As we talked, we discovered we had gone to the same high school in San Francisco, Lincoln, during the late '60s. I had been student body treasurer and the president was Mike Holmgren, who was also the star quarterback of our football team. Thirty years later, Thollander and I were doing a Pacer deal, while Holmgren was pursuing a slightly more illustrious career coaching the Seattle Seahawks. If he collects cars, I doubt they are Pacers.


Asking price was $1,800, and I deftly managed to close the deal at $1,400. Getting the cash took quick trips to three different cash machines due to a $500 per withdrawal limit. I calculated that buying a million-dolllar Ferrari SWB using the same technique would have required 2,000 ATM
visits-yet another reason to collect cheap cars.
Once I had the keys, I realized I was 180 miles from home, with two cars. A phone call to a local SCMer took care of getting the BMW back to Portland the following day, leaving me free to enjoy my new purchase for three hours of blissful cruising.
While the Pacer is not a profoundly bad car, it's certainly not one that will ever make anyone's list of the Top 10,000 Best Handling (make that Best Anything) Cars of All Time. But in a perverse way, its deficiencies add to the experience of driving it. As the Pacer and I floated through a curvy section of country road, all four wheels struggling to maintain grip and the body moving around like a giant tortoise on roller skates, I thought about the generation that is learning to drive in cars that have electronic handling and braking assists as standard.
While it's nearly impossible to throw the 3-series off the road, the Pacer feels like it would be happy to just sail blithely through the apex of a turn and into that great Neverland beyond the shoulder of the highway. Simply knowing that you are driving a car whose braking and handling will let you down every chance they get keeps you entertained as you go down the road.
As a daily driver, I'd take the BMW in a Munich minute. But any new-car purchase experience can be easily replicated. Saunter down to the dealership of your choice, and you can drive out in a modern vehicle. But finding the car you never knew you wanted parked alongside the road with a for-sale sign in the window has a thrill factor unique unto itself.


Whether it's SCMer David Sydorick finding a Maserati A6GCS Zagato walled up in a small Italian town, or contributor Raymond Milo uncovering an OSCA MT4 in a junkyard in Georgia, or yours truly finding a superb example of one of the worst cars ever built, the fundamental thrill is the same.
For once you've consummated the deal, you have changed your day, and in a small way, your life.
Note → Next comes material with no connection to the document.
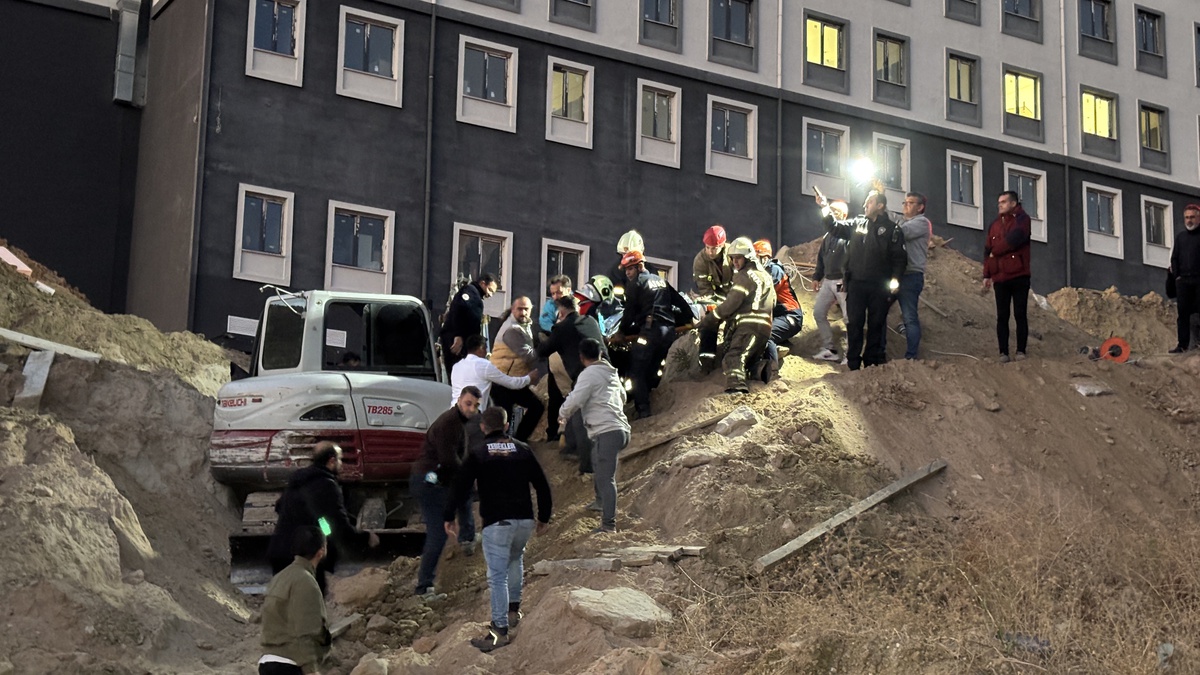 Çanakkale’de üniversite kampüsünde toprak kayması: 2 işçi yaralandı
My test drive in the BMW morphed into a gearhead adventure, and created a story. And what are our lives as car enthusiasts about if not creating old-car stories, initiated by completely absurd actions that seem reasonable and prudent to us at the time?
As far as making some money on this deal, the Pacer is headed to eBay, where I hope that a pitched bidding war will break out between the fanatics. My prediction? That I'll double my money. The auction will launch on July 10. Turning a profit of any kind would make this a gearhead's utopian fable. Find it, buy it, drive it, sell it and come out ahead. That's one thing you can't do in a new 3-series.